Il figlio di quell’artista delle due ruote che è Mick Doohan è stato un tappabuchi; la presenza di una clausola liberatoria in favore del team dopo cinque gare è sicuramente una spada di Damocle che non metterà il pilota in condizioni di esprimersi al meglio. A meno che, in uno scatto d’orgoglio, non tiri fuori gli attributi, dimostrando a chi non ha creduto in lui che si sbagliava.
Briatore ha vinto tanto in Formula 1 e ha ottenuto grandi successi nel fare impresa, anche quando ha rivoluzionato il concetto di pizza con una proposta poco ortodossa: un prodotto immangiabile, infarcito di marketing, ma con ben pochi contenuti. Giudizio puramente personale, che potrebbe incontrare le critiche di qualcuno. Poco male: da napoletano, so perfettamente cos’è una pizza. E come si prepara.

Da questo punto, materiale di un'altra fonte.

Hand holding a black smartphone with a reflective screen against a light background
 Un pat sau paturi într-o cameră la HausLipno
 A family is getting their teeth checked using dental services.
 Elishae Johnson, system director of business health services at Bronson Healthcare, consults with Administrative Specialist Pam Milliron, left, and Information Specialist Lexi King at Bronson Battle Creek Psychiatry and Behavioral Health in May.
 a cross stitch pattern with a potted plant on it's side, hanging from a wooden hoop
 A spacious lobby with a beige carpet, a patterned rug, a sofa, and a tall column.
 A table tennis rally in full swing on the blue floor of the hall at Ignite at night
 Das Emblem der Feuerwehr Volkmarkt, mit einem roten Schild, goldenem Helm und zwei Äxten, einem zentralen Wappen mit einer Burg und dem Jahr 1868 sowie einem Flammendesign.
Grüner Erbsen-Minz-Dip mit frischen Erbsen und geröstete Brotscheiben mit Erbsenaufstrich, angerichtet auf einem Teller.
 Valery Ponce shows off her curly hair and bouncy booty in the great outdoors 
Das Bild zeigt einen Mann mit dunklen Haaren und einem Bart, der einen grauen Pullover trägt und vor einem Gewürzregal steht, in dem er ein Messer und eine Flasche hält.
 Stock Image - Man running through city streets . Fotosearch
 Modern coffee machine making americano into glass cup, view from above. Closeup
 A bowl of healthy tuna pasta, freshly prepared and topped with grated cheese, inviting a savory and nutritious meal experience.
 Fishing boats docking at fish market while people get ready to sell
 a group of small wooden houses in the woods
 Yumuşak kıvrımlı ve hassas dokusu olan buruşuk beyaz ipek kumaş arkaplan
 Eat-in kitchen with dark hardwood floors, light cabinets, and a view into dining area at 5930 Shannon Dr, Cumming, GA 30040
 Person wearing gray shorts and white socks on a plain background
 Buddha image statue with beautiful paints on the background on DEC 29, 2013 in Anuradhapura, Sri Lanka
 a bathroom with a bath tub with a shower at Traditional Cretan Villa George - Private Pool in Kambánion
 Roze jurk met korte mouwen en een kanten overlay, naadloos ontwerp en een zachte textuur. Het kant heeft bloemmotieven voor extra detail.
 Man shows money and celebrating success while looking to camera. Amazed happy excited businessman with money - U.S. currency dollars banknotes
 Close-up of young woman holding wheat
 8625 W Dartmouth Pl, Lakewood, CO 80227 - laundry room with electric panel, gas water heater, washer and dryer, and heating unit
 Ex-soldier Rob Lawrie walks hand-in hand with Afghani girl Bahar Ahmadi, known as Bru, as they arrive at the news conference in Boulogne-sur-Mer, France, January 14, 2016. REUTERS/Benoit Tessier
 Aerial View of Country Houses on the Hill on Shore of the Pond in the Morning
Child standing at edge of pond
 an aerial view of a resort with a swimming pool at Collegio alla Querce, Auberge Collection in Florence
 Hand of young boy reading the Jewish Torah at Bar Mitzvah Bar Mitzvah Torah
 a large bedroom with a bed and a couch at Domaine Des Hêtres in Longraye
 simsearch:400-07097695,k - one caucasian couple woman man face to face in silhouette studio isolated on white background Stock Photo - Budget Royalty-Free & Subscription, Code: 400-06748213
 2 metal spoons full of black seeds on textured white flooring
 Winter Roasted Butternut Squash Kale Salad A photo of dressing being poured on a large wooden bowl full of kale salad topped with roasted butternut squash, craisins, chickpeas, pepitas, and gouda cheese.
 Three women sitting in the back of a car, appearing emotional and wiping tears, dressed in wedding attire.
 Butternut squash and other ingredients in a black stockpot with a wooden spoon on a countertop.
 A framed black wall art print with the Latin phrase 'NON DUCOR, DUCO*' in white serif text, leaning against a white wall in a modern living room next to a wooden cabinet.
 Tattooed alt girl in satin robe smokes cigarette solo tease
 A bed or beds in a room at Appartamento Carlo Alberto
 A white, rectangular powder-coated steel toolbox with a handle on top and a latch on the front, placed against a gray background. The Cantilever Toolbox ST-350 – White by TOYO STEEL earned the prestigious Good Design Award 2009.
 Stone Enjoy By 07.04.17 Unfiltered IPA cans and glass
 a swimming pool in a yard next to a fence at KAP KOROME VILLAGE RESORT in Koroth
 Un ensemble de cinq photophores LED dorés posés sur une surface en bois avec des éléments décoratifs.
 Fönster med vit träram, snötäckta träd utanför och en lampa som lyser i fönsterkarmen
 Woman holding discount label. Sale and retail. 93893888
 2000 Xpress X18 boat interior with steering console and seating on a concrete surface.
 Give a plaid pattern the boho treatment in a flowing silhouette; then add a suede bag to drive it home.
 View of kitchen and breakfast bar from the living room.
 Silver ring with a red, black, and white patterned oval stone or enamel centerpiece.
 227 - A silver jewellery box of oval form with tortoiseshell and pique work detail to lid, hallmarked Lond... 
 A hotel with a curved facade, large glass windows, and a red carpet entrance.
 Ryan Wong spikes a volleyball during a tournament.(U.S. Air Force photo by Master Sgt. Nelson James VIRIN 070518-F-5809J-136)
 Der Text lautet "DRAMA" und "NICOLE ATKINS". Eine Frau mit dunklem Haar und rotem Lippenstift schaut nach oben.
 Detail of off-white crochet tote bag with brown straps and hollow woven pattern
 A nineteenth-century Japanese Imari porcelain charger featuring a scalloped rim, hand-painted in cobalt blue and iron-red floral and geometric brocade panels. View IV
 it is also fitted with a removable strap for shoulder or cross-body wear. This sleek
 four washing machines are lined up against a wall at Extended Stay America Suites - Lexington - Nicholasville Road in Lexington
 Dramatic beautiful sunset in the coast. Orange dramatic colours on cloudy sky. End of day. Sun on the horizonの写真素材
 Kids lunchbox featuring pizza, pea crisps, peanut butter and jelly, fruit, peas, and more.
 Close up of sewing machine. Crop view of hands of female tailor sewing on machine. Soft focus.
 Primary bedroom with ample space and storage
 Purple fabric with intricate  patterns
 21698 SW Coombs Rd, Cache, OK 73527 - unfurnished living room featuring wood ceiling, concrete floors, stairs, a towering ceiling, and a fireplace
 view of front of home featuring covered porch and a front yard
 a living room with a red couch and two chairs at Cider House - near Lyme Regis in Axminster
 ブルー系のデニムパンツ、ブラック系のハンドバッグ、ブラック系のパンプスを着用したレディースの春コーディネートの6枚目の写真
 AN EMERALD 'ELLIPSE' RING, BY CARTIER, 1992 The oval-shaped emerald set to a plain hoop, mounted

Tornando alla Formula 1, e incrociandola con i grandi successi che Briatore ha ottenuto nella sua abbacinante carriera, è chiaro che probabilmente lui ha ragione e noi lo critichiamo torto. Questo scritto vuole semplicemente sottolineare che forse mettere una pressione così elevata addosso a un ragazzo non è proprio il miglior modo per estrarne performance.
Poi magari Flavio toccherà le corde giuste e avrà ancora una volta ragione, e noi saremo qui ad ammettere che ci eravamo sbagliati. Non avrò nessun problema a farlo nel caso in cui il buon Jack sforni prestazioni di altissimo livello.
Non ci resta che augurare buona fortuna al giovane australiano che, nel suo debutto nel GP di Abu Dhabi, non ha entusiasmato né rubato l’occhio. Un weekend passato in perfetto anonimato e non solo perché i riflettori erano puntati sul duello Ferrari-McLaren. Lo spettro di Franco Colapinto già aleggia sui capannoni di Enstone: chissà che non sia l’argentino a insidiare il povero Jack.